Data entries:
+---+

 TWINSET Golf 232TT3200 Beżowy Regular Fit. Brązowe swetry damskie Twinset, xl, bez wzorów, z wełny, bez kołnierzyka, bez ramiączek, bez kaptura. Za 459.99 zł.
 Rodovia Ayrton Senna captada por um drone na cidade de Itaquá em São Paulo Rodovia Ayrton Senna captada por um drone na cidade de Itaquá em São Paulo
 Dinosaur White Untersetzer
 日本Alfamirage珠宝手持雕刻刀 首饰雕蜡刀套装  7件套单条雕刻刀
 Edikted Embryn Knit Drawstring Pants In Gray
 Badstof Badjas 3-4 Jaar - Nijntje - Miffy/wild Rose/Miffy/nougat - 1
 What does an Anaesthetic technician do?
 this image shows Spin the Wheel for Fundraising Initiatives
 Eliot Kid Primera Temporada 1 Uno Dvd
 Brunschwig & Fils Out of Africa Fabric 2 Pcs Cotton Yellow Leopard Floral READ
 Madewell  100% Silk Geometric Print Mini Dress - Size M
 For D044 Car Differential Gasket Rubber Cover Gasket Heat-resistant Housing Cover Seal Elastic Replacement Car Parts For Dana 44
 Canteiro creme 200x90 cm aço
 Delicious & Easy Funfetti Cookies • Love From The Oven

+---+

### ASSIGNED TASK
In the entries above, find the line with "Badstof Badjas 3-4" and the line with "Eliot Kid Primera Temporada 1 Uno Dvd", then set down exactly those two and every line between them, nothing else.

### WRITTEN REPLY
 Badstof Badjas 3-4 Jaar - Nijntje - Miffy/wild Rose/Miffy/nougat - 1
 What does an Anaesthetic technician do?
 this image shows Spin the Wheel for Fundraising Initiatives
 Eliot Kid Primera Temporada 1 Uno Dvd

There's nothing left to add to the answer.